--- Aim of the task ---
In the entries that follow, the first line to write out is the one containing "Fuentes Brotantes de Tlalpan National Park", and the last is the one containing "Picture 04 - 5". Reproduce that stretch exactly, with nothing before or after it.

>>>

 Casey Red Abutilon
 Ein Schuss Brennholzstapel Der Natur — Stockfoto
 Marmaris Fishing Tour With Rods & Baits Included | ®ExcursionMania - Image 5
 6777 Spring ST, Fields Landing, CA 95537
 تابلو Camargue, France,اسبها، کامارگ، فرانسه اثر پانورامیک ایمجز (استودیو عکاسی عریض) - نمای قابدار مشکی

<<<
>>>

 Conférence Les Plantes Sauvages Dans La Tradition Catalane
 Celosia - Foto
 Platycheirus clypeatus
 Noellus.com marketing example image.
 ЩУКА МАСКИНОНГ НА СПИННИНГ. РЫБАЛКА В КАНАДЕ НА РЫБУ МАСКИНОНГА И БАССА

<<<
>>>

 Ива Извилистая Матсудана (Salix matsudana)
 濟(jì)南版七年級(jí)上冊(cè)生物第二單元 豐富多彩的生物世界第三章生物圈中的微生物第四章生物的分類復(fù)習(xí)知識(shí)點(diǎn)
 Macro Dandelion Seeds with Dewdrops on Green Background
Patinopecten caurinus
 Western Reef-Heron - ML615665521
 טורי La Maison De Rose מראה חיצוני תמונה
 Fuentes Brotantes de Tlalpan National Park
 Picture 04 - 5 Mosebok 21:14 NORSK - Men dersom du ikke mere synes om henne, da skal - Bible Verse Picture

<<<

--- Written answer ---
 Fuentes Brotantes de Tlalpan National Park
 Picture 04 - 5 Mosebok 21:14 NORSK - Men dersom du ikke mere synes om henne, da skal - Bible Verse Picture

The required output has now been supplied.